SECTION 2.22 Material Contracts. Except as would not, individually or in the aggregate, reasonably be expected to have a Material Adverse Effect, each Material Contract that shall survive the Bankruptcy Cases is valid and binding on the Company or any of its Subsidiaries, as applicable, and, to the Knowledge of the Company, on each other Person party thereto, and is in full force and effect. Other than as a result of the commencement of the Bankruptcy Cases, each of the Company and its Subsidiaries has performed, in all material respects, all obligations required to be performed by it under each Material Contract that shall survive the Bankruptcy Cases, except, in each case, as would not, individually or in the aggregate, reasonably be expected to have a Material Adverse Effect. Other than those caused as a result of the filing of the Bankruptcy Cases, neither the Company nor any of its Significant Subsidiaries is in breach or default of any Material Contract to which it is a party and which shall survive the Bankruptcy Cases, except, in each case, as would not reasonably be expected to have, individually or in the aggregate, a Material Adverse Effect. The Company has made available to Purchaser true, accurate and complete copies of the Material Contracts as of March 31, 2010, except for those Material Contracts available to the public on the website maintained by the SEC. To the Knowledge of the Company, no party to any Material Contract that shall survive the Bankruptcy Cases has given written notice of any action to terminate, cancel, rescind or procure a judicial reformation of such Material Contract or any material provision thereof, which termination, cancellation, rescission or reformation would reasonably be expected to have, individually or in the aggregate, a Material Adverse Effect. For the avoidance of doubt, Material Contracts do not include intercompany contracts.
SECTION 2.23 No Other Representations or Warranties. Except for the representations and warranties made by the Company in this ARTICLE II, neither the Company nor any other Person makes any representation or warranty with respect to the Company or its Subsidiaries or their respective business, operations, assets, liabilities, condition (financial or otherwise) or prospects, notwithstanding the delivery or disclosure to Purchaser or any of its Affiliates or their
respective representatives of any documentation, forecasts or other information with respect to any one or more of the foregoing.
ARTICLE III
REPRESENTATIONS AND WARRANTIES OF PURCHASER
Purchaser represents and warrants to the Company as set forth below:
SECTION 3.1 Organization. Purchaser is a public pension plan and entity of the State of Texas, with the requisite power and authority under the Laws of the State of Texas to undertake and effectuate the transactions contemplated by this Agreement.

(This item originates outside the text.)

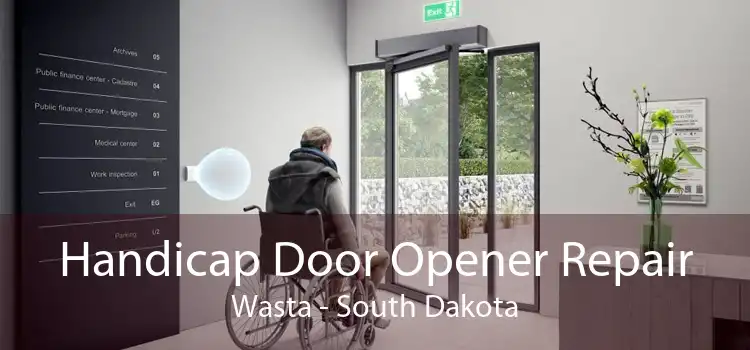 Handicap Door Opener Repair Wasta - South Dakota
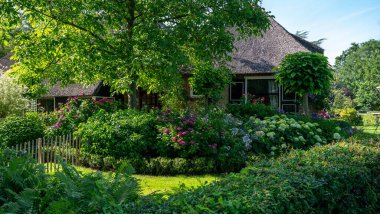 Hollanda, Giethoorn 'un tipik evleri. Güzel evler ve bahçıvanlık. Çiftlik alanındaki ünlü Giethoorn köyünün manzarası. Kanalları ve sazdan yapılmış çatıları var..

SECTION 3.2 Power and Authority. Purchaser has the requisite power and authority under the Laws of the State of Texas to enter into, execute and deliver this Agreement and to perform its obligations hereunder and has taken all necessary action required for the due authorization, execution, delivery and performance by it of this Agreement.
SECTION 3.3 Execution and Delivery. This Agreement has been duly and validly executed and delivered by Purchaser and constitutes its valid and binding obligation, enforceable against Purchaser in accordance with its terms, except as such enforceability may be limited by (i) applicable bankruptcy, insolvency, fraudulent conveyance or similar laws affecting the enforcement of creditors’ rights generally and subject to general principles of equity, including principles of commercial reasonableness, good faith and fair dealing (regardless of whether enforcement is sought in a proceeding of law or in equity), and (ii) Texas Law applicable to Purchaser as an entity of the State of Texas.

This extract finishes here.